Por Roberto Malvezzi (Gogó)
O fenômeno da Pororoca, mundialmente conhecido, já não existe mais,
no rio onde mais atraíam os olhos do mundo. Você sabia disso? As águas
do Araguari, no Amapá — onde havia campeonatos de surf — já não têm
forças para chegar à foz e sofrer a força reversa das águas, o que
gerava as ondas. Construíram barragens em seu leito para gerar energia,
que vem para o sul do país, além de pisotear suas margens com manadas de
búfalos.
As águas do Araguaia estão cada vez mais escassas. Muitos de seus afluentes, antes perenes, agora também são intermitentes.
O São Francisco agora terá uma vazão de apenas 700 m3/s. Um rio que,
segundo o discurso oficial do antigo governo federal, tinha uma vazão
“firme” de 1800 m3/s a partir de Sobradinho. E olha que a transposição
sequer começou. Onde Domingos Montagner morreu, na verdade, o que existe
é um fiapo de água, em comparação com o que era o Cânion do São
Francisco.
O mais emblemático, sem dúvida, é o rio Doce.

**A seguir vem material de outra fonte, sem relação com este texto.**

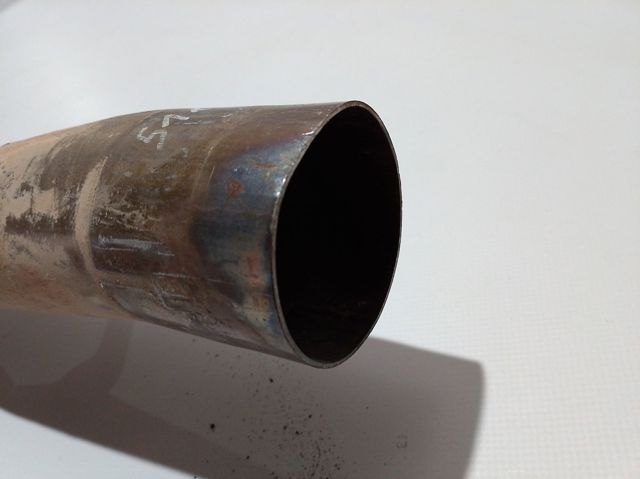 9816064980 Peugeot/Citroen Catalizador de gasolina y diésel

A tragédia da Samarco
não tem precedentes em território nacional, mas está sendo tratada como
algo secundário e como se fosse apenas um acidente de percurso.
Se falarmos, então, da qualidade de nossas águas, teremos que lembrar
do Tietê e do Pinheiros, a cara, a cor e o cheiro do desenvolvimento de
São Paulo.
O que acontece não é fruto apenas de como se trata as calhas
principais de nossos rios, mas de todo o desmatamento do território
dessas bacias. A destruição do Cerrado – reconhecimento rotineiro nos
meios científicos e socioambientais – levará consigo os rios que
dependem do bioma. Já em 2004 tínhamos a informação que, apenas no Norte
de Minas, cerca de 1200 rios menores tinham sido eliminados. Sem o
Cerrado, nos dizem os cientistas, não haverá São Francisco, Araguaia e
tantos rios que dependem dos aquíferos do Planalto Central. A criação do
Matopiba – território do agronegócio no Cerrado – levará às
profundezas esse modelo predador do bioma.
A curva de decadência de nossos rios coincide exatamente com a
expansão das monoculturas, seja de grãos, de gado, ou outra qualquer. É
só comparar os gráficos a partir da década de 1970.
Assim, nesse dia de São Francisco, como os profetas dos tempos
antigos, que amaldiçoavam o dia em que tinham nascido, não nos cansamos
de trazer más notícias, ainda que sejam em forma de denúncia (Jeremias
20,14-18).
Toda classe política, todo mundo econômico – exceções de sempre –
está alguns anos-luz distante de enxergar o país por esse ângulo. Então,
prosseguimos em linha reta rumo ao abismo.